**EXERCISE BRIEF**
The entries below are to be restated exactly, and their images are to be omitted.

**LISTED ENTRIES**
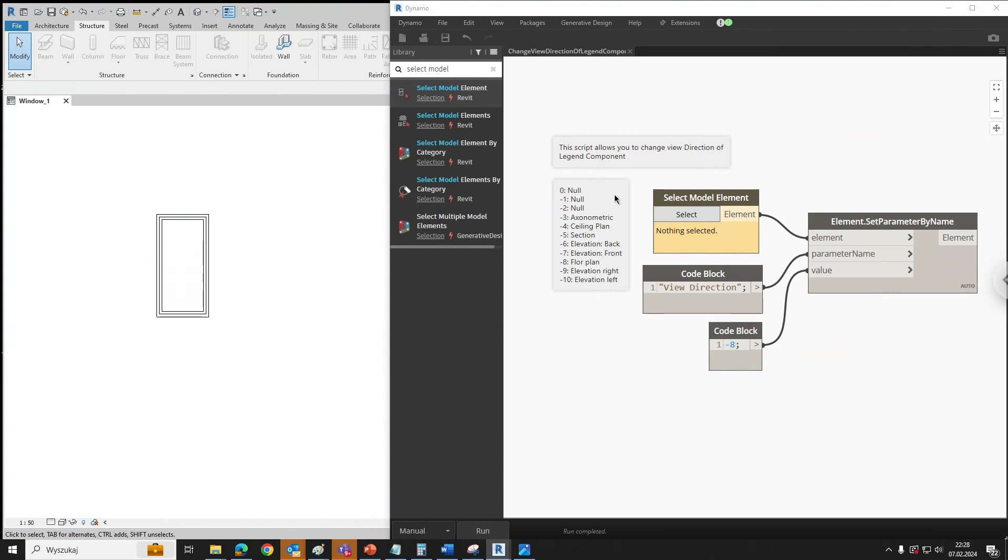We've got a short list of integers and corresponding views. For minus 3 you've got axonometric, minus 4 ceiling plan, and so on.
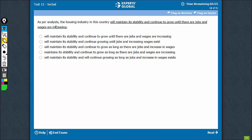The intended meaning is that the housing industry will maintain its stability and continue to grow. All this good will happen until there are jobs and wages are increasing.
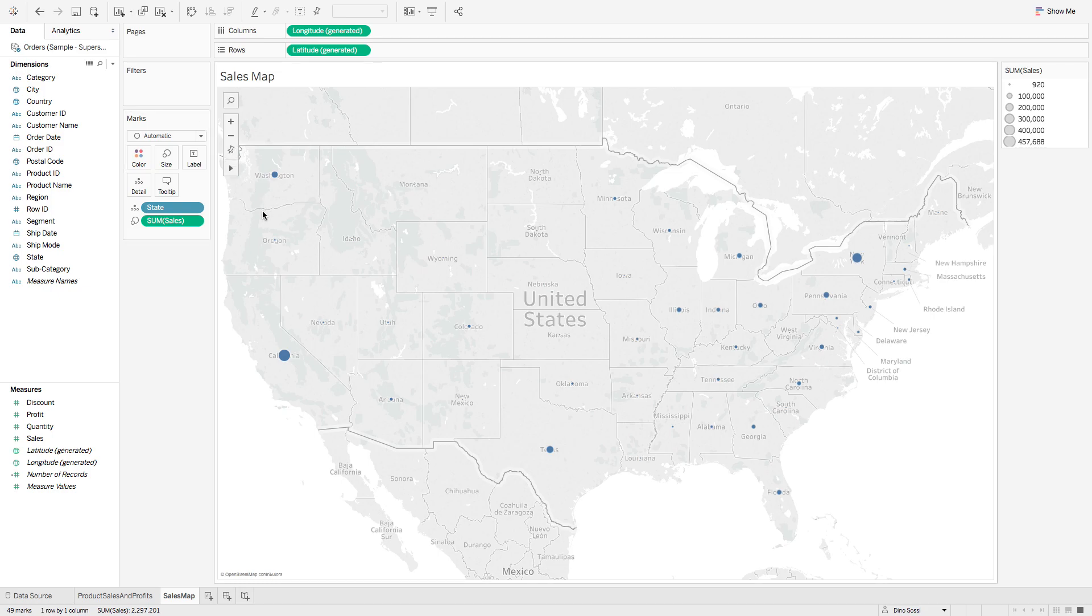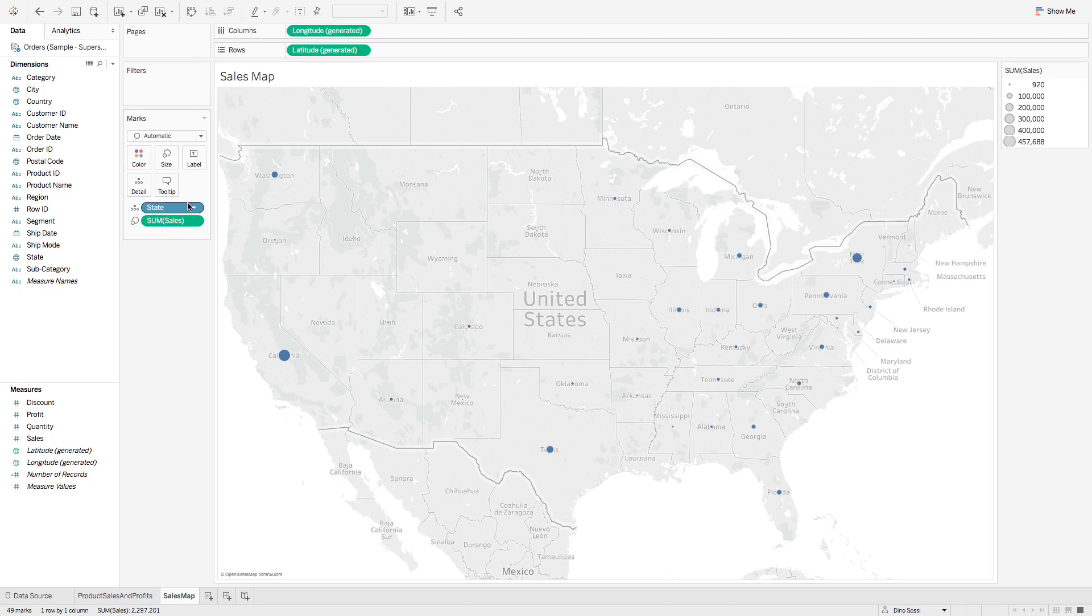In this mini video I'm going to create a dashboard. Previously I made a sales map with sales and the various states.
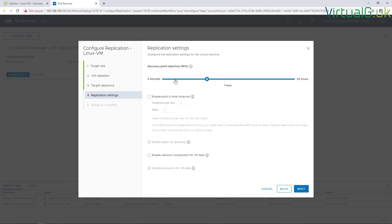We choose our RPO, we can go anywhere from five minutes to 24 hours. I'm just going to leave this on the default for an hour. Then we can turn on these point-in-time instances as well, which basically snapshots the VM so we can revert it back.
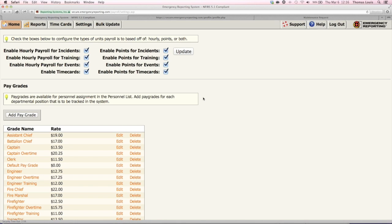Jim's got a question — he wants to know if we can track standby time for volunteers at the station but not at the scene. Yes, we can do that, and there are a couple of ways. As we move on, that question will likely get answered as I'm describing everything. If it doesn't, just shout out again and we'll get it answered for you.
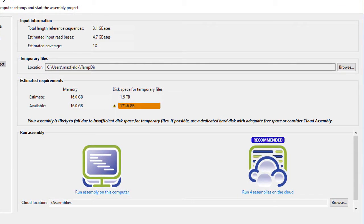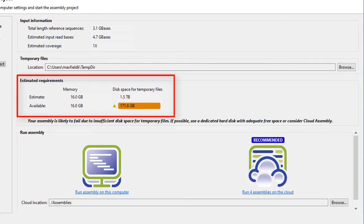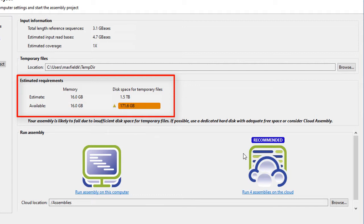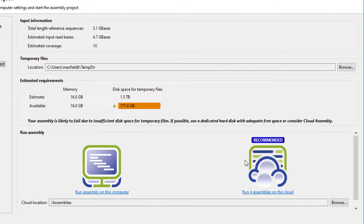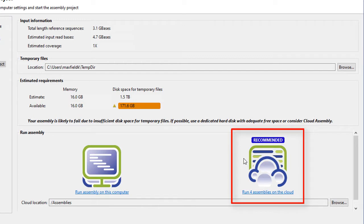Here, Seekman Engine estimates the memory and disk space required to complete your assemblies successfully. In this case, the disk space required exceeds what's available on my local computer, so Seekman Engine is recommending that I run these assemblies on the cloud.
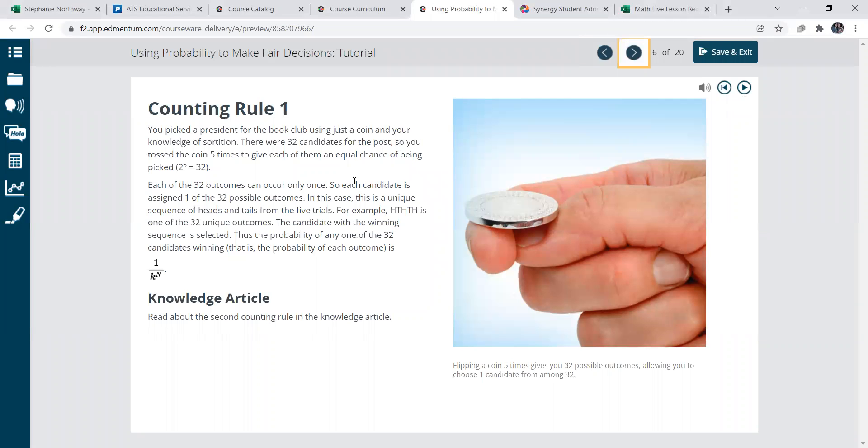Counting rule, okay, kind of talked about this in another lesson. You flip a coin, what happens when you flip a coin? Here are 32 candidates for this post, so toss the coin five times to get an equal chance of being picked, something like that.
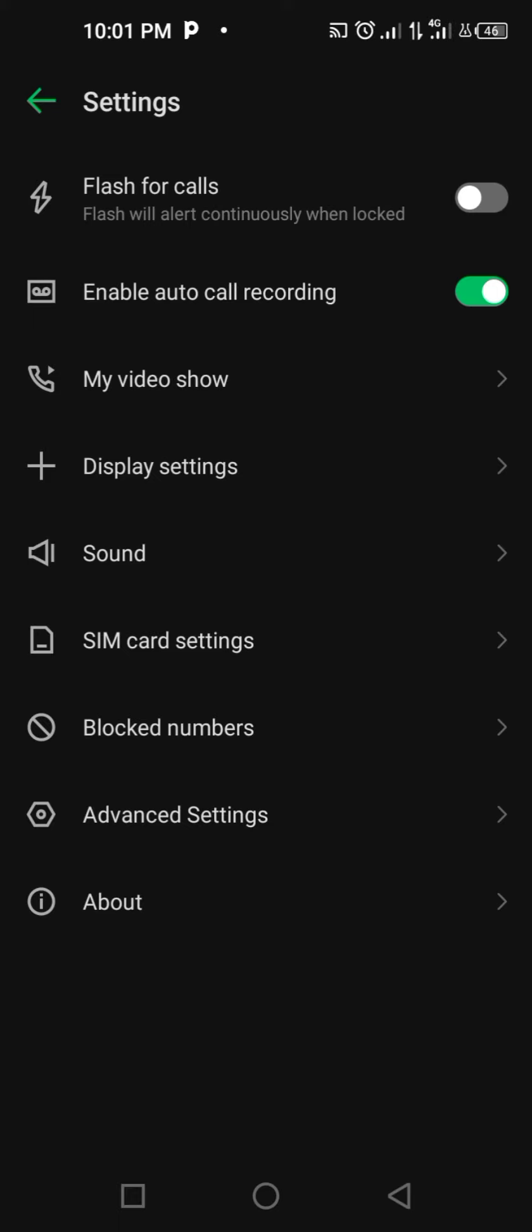When you activate it, there is a flashlight instantly or immediately when the call is ringing from somebody to your phone. That's it.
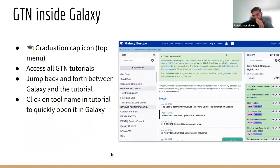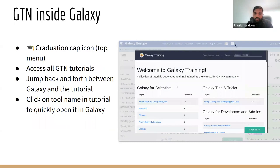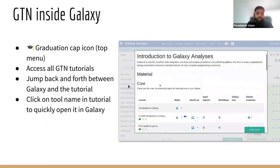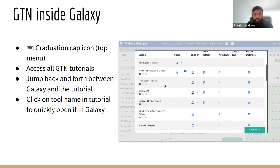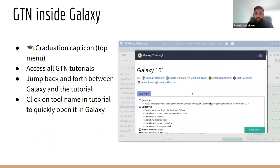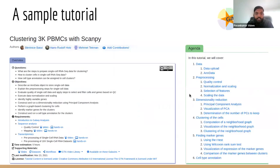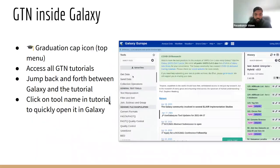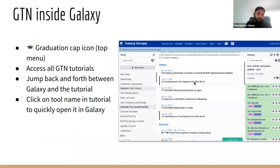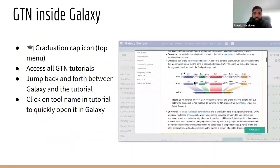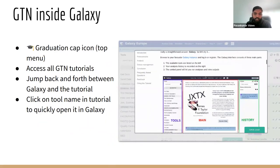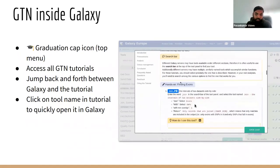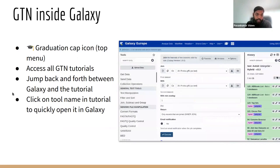Recent updates actually allow us to click on the radiation cap icon, and then you can access the whole GTN website — the Galaxy Training Network website — within Galaxy. You can go back and forth between Galaxy and the training material, and you can click on a specific tool to actually open that tool directly in Galaxy and then run your analysis.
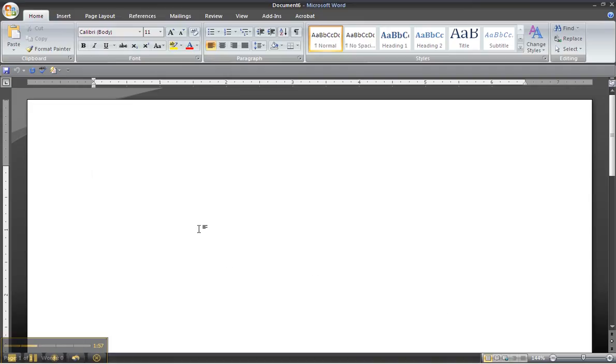Now all your Word documents will be saved as Word 2003. Have a great day.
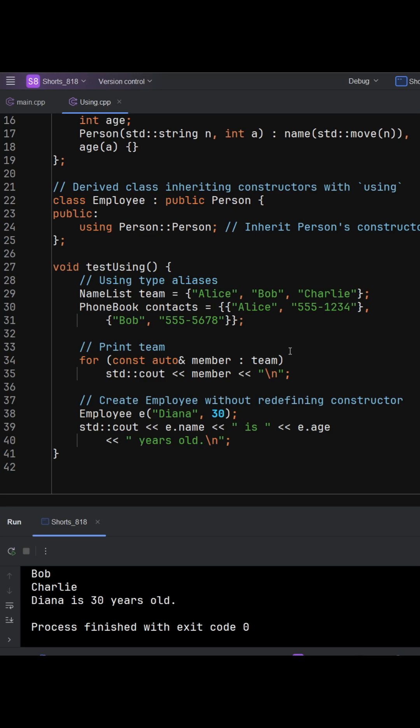A few notes here is that you can still add your own constructors alongside the inherited ones. Access specifiers still apply. And using doesn't change types. It only names or exposes them.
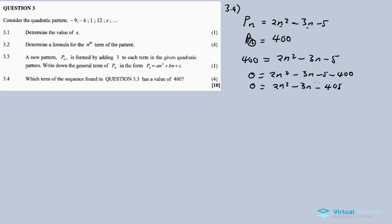We can either use the quadratic formula or find the factors. Let's try factoring: 2n² minus 3n minus 405. We need factors of 2 times 405 = 810 that differ in a specific way.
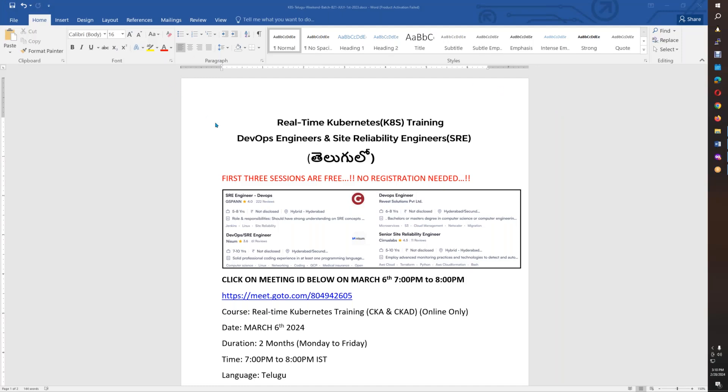Hello friends, this is the announcement. We are starting a Kubernetes batch starting March 6th, 7th, 8th.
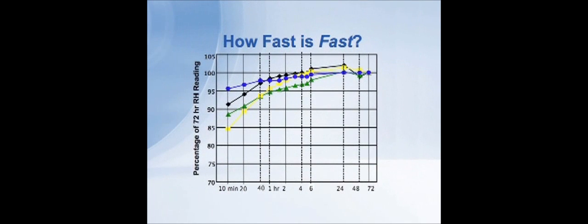So, first of all, how fast is fast? This graph indicates the results we made with several different brands of relative humidity probes all meeting ASTM F2170. On the vertical left-hand axis of the graph, we see the percentage of the final reading with the probe. That is, we put probes into the concrete, and it took so many minutes or hours for them to eventually come to a final reading. We did this over the course of up to three days.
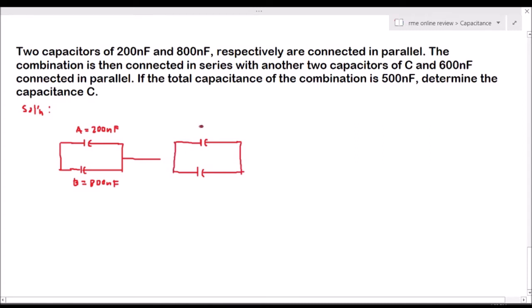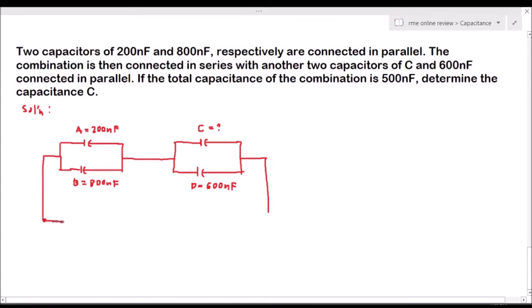This is our diagram. The value of one capacitor is C — that is the unknown — and we have another given capacitor D with a value of 600 nanofarad. They are connected in series. For the given, the total capacitance CT is equal to 500 nanofarad.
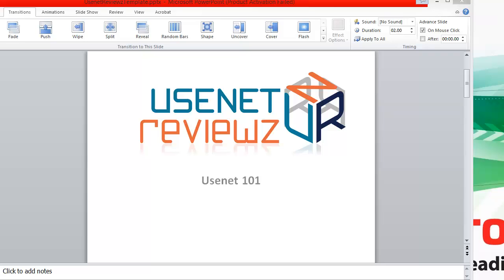Hello and welcome to Usenet Reviews. In this short video, we're going to explain the basics of Usenet — what Usenet is, why anyone would want to use it, and how it works. This is all for beginners, so let's get started.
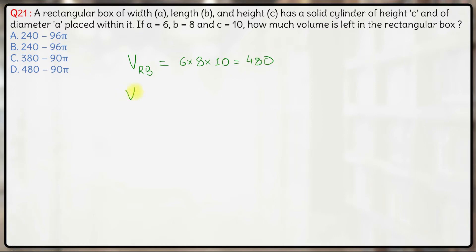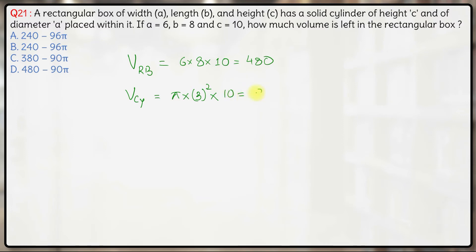Now what is the volume of the cylinder? The volume of a cylinder can be calculated as π R² H. The diameter A is 6, so the radius will be 3. So π R² H — the height is C which is 10. So this comes out to be 90π. This is the volume of the cylinder.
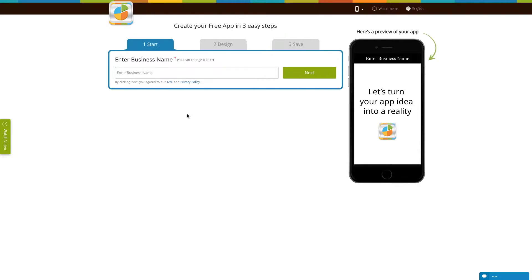Hi guys, in this tutorial we will tell you how to add an audio feature into your app. The audio page allows you to add audio playlists from SoundCloud, Media RSS feeds, internet radio stations, or other radio streams. Let's get started.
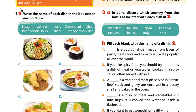Unit 7, Page 8. Getting started. Activity 2: Write the name of each dish in the box under each picture.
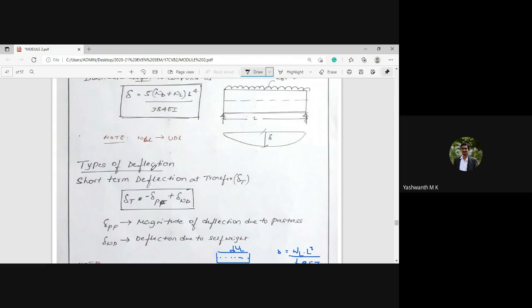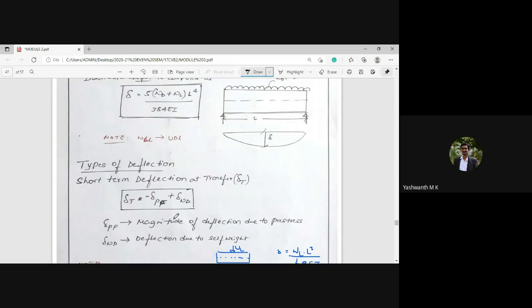To calculate the short-term deflection at transfer: the short-term deflection at transfer equals the deflection due to the prestressing force (upward, hence negative, denoted δ_pf) plus the deflection due to self-weight (downward, hence positive). Live load is not considered at transfer because during transfer the PSC beam is still in the factory and not yet subjected to service loads.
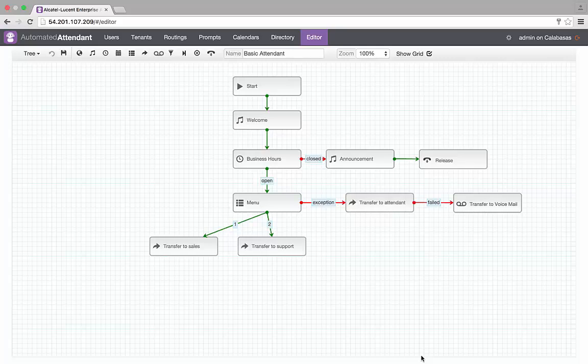As you can see, a simple attendant tree already exists. First it plays a welcome message. After that, depending on the company business hours, if I am closed it plays a message indicating my open hours.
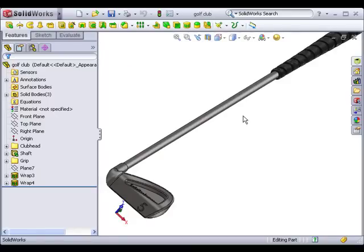One useful enhancement in SolidWorks 2010 is that you can now specify separate materials for individual bodies within a multi-body part. Here I have a golf club model.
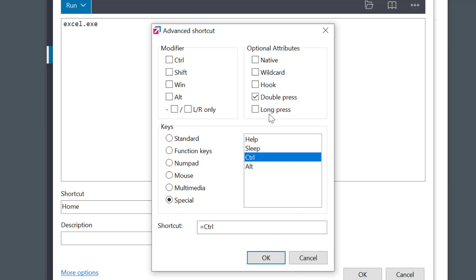Now, please remember that if you want to keep the original function of the key, you also need to enable native option.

**YOUR SOLUTION**
We've got a short list of integers and corresponding views. For minus 3 you've got axonometric, minus 4 ceiling plan, and so on.
The intended meaning is that the housing industry will maintain its stability and continue to grow. All this good will happen until there are jobs and wages are increasing.
In this mini video I'm going to create a dashboard. Previously I made a sales map with sales and the various states.
We choose our RPO, we can go anywhere from five minutes to 24 hours. I'm just going to leave this on the default for an hour. Then we can turn on these point-in-time instances as well, which basically snapshots the VM so we can revert it back.
Jim's got a question — he wants to know if we can track standby time for volunteers at the station but not at the scene. Yes, we can do that, and there are a couple of ways. As we move on, that question will likely get answered as I'm describing everything. If it doesn't, just shout out again and we'll get it answered for you.
Here, Seekman Engine estimates the memory and disk space required to complete your assemblies successfully. In this case, the disk space required exceeds what's available on my local computer, so Seekman Engine is recommending that I run these assemblies on the cloud.
Counting rule, okay, kind of talked about this in another lesson. You flip a coin, what happens when you flip a coin? Here are 32 candidates for this post, so toss the coin five times to get an equal chance of being picked, something like that.
When you activate it, there is a flashlight instantly or immediately when the call is ringing from somebody to your phone. That's it.
Recent updates actually allow us to click on the radiation cap icon, and then you can access the whole GTN website — the Galaxy Training Network website — within Galaxy. You can go back and forth between Galaxy and the training material, and you can click on a specific tool to actually open that tool directly in Galaxy and then run your analysis.
Now all your Word documents will be saved as Word 2003. Have a great day.
A few notes here is that you can still add your own constructors alongside the inherited ones. Access specifiers still apply. And using doesn't change types. It only names or exposes them.
We can either use the quadratic formula or find the factors. Let's try factoring: 2n² minus 3n minus 405. We need factors of 2 times 405 = 810 that differ in a specific way.
Hello friends, this is the announcement. We are starting a Kubernetes batch starting March 6th, 7th, 8th.
So, first of all, how fast is fast? This graph indicates the results we made with several different brands of relative humidity probes all meeting ASTM F2170. On the vertical left-hand axis of the graph, we see the percentage of the final reading with the probe. That is, we put probes into the concrete, and it took so many minutes or hours for them to eventually come to a final reading. We did this over the course of up to three days.
This is our diagram. The value of one capacitor is C — that is the unknown — and we have another given capacitor D with a value of 600 nanofarad. They are connected in series. For the given, the total capacitance CT is equal to 500 nanofarad.
Hello and welcome to Usenet Reviews. In this short video, we're going to explain the basics of Usenet — what Usenet is, why anyone would want to use it, and how it works. This is all for beginners, so let's get started.
Now what is the volume of the cylinder? The volume of a cylinder can be calculated as π R² H. The diameter A is 6, so the radius will be 3. So π R² H — the height is C which is 10. So this comes out to be 90π. This is the volume of the cylinder.
Hi guys, in this tutorial we will tell you how to add an audio feature into your app. The audio page allows you to add audio playlists from SoundCloud, Media RSS feeds, internet radio stations, or other radio streams. Let's get started.
Unit 7, Page 8. Getting started. Activity 2: Write the name of each dish in the box under each picture.
To calculate the short-term deflection at transfer: the short-term deflection at transfer equals the deflection due to the prestressing force (upward, hence negative, denoted δ_pf) plus the deflection due to self-weight (downward, hence positive). Live load is not considered at transfer because during transfer the PSC beam is still in the factory and not yet subjected to service loads.
As you can see, a simple attendant tree already exists. First it plays a welcome message. After that, depending on the company business hours, if I am closed it plays a message indicating my open hours.
One useful enhancement in SolidWorks 2010 is that you can now specify separate materials for individual bodies within a multi-body part. Here I have a golf club model.
Now, please remember that if you want to keep the original function of the key, you also need to enable native option.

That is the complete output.